One of the things I like about having Roger Boyce's Illustrated History of Painting in the building is that you can smell the paint, almost. Short of Roger coming in and adding a few licks of paint today, there's no way these paintings could be fresher. And just as art history needs to ground its speculations in the facts and fragments of the studio, I think public galleries risk losing sight of what they're about if they don't keep at least one eye on what artists are doing in their studios. And although we have lit Roger's paintings carefully, and arranged them neatly, and painted the walls and provided a label, I like to think the show still emits an unruly kind of studio energy - the crackle art gives off when the artist has found out where they're going as they go; when they've ended up somewhere they couldn't have anticipated when making the first brushstroke.

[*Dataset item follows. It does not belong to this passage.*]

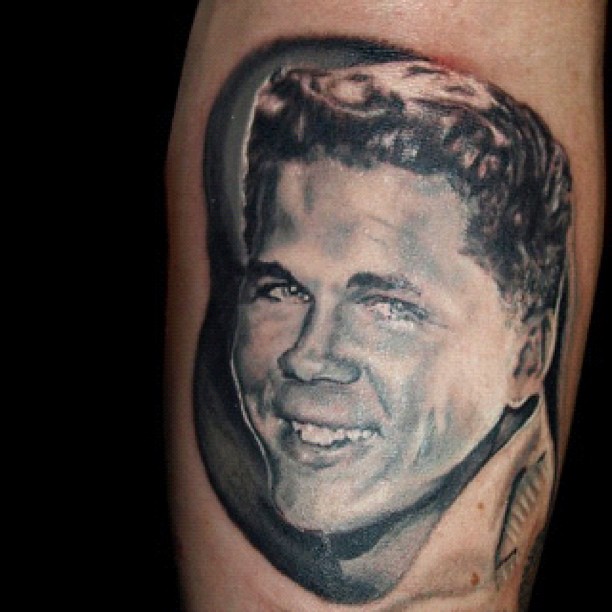 Black-and-grey portrait tattoo on forearm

The paintings are fresh in the other sense - the American sense in which someone says ‘don't get fresh with me.' They're full of attitude and comic energy, potshots and pratfalls, take-no-prisoners jokes. They're about the humour and the horror of being a painter in an age when no one's quite sure what painting's meant to do. They're about the way painters strive to make a mark on history but find themselves thwarted, or knocked back, or washed up, or outflanked, but keep on trying to fail better. They're studio-fresh paintings that are also about the studio - about the dreams of glory and the cold-sweat paranoias, the calamities and triumphs.
This might sound a bit bleak, and taken one by one the paintings sure do exhibit some bleak humour, with Boyce running a satirist's skewer through every myth and cliché he can see. But the more I see of the series, the less it feels like a straight-out satire at painting's expense. For a start, you can't miss the care he's lavished on each panel, rendering his scenarios with a devotional intensity that recalls medieval illuminations as much it does Mad magazine. But even more compelling is the sense of momentum-of comic glee and freewheeling enjoyment-that accumulates throughout the series. Like the best satirists, Boyce is clearly in love with the very things that piss him off, and he goes at the problems of painting with the headlong gusto of a stand-up comic who has at last found a topic large and annoying enough to take everything he can throw at it.
Keep throwing the coloured stuff Roger. And everyone else, please get upstairs and see if you can get some on you.